• **DIRECTIONS**:
Look through the entries below and report every line that has "Toyota".

• **DATA SHOWN**:
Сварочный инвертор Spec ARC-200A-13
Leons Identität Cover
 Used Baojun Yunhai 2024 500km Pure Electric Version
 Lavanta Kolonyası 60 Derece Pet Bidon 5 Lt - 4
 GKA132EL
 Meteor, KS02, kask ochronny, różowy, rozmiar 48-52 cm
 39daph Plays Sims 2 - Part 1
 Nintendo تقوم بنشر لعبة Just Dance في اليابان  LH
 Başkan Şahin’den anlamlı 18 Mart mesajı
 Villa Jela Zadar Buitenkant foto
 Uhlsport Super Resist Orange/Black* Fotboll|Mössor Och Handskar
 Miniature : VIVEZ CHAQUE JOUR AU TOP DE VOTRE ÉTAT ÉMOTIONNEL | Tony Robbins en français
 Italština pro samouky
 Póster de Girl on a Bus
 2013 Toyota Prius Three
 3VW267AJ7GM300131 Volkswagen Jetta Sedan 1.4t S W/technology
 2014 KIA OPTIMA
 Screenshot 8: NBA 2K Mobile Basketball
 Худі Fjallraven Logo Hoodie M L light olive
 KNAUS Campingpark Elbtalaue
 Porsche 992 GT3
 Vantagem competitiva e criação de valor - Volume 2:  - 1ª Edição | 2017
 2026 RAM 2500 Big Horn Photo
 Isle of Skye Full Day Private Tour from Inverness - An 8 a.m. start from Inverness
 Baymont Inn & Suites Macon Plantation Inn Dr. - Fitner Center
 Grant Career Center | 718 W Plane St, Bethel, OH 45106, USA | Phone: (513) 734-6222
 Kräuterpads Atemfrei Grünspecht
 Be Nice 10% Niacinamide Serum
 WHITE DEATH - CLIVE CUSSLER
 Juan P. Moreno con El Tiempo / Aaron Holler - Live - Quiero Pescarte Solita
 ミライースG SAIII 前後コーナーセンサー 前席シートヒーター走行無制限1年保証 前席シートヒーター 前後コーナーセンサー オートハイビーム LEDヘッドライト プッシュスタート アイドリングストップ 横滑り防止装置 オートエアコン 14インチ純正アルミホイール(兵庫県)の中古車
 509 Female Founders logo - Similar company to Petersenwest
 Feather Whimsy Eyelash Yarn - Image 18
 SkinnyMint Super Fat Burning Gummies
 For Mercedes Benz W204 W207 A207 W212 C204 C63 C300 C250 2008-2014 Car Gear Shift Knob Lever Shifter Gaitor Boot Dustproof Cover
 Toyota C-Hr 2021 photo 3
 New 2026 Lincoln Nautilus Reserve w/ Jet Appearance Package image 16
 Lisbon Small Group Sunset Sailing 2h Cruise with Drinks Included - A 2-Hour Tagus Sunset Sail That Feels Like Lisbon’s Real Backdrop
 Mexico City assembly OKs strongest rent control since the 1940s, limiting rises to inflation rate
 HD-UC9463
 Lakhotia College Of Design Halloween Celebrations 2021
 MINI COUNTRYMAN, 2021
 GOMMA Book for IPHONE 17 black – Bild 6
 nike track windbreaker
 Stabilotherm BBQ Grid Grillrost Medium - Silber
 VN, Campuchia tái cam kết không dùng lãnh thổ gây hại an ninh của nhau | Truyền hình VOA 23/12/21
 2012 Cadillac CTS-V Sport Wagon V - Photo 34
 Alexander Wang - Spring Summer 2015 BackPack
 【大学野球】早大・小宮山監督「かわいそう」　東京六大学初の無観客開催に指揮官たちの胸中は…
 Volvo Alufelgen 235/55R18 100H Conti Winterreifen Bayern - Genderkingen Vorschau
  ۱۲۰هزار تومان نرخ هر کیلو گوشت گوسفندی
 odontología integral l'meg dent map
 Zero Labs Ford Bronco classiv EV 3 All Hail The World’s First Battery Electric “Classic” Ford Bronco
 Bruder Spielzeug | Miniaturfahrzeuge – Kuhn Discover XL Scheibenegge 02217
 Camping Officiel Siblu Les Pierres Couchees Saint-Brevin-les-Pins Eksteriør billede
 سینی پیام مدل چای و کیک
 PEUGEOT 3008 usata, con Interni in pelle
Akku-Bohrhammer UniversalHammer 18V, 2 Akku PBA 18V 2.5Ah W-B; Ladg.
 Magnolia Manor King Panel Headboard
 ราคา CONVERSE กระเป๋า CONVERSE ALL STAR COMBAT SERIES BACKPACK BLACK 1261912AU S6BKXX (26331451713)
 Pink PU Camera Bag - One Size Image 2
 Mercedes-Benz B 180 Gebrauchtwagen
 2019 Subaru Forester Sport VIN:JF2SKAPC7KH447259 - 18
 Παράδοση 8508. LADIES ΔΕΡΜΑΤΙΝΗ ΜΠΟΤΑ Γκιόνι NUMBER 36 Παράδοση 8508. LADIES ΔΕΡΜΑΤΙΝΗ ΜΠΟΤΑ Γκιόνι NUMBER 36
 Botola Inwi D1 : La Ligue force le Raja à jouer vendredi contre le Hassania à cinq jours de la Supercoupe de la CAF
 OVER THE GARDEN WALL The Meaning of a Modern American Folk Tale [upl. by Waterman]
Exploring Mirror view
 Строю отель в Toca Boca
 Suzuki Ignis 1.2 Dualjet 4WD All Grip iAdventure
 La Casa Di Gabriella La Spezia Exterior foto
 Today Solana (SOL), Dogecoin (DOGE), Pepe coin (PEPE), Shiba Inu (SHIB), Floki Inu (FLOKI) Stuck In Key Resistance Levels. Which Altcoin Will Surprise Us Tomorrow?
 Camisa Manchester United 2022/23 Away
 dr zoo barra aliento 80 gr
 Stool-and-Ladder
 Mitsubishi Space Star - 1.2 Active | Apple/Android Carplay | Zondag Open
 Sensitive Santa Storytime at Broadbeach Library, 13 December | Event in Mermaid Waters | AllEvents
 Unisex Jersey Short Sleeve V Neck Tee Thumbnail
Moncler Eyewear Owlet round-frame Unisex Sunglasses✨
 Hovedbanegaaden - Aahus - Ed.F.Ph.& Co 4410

• **RESPONSE FOR THIS EXERCISE**:
 2013 Toyota Prius Three
 Toyota C-Hr 2021 photo 3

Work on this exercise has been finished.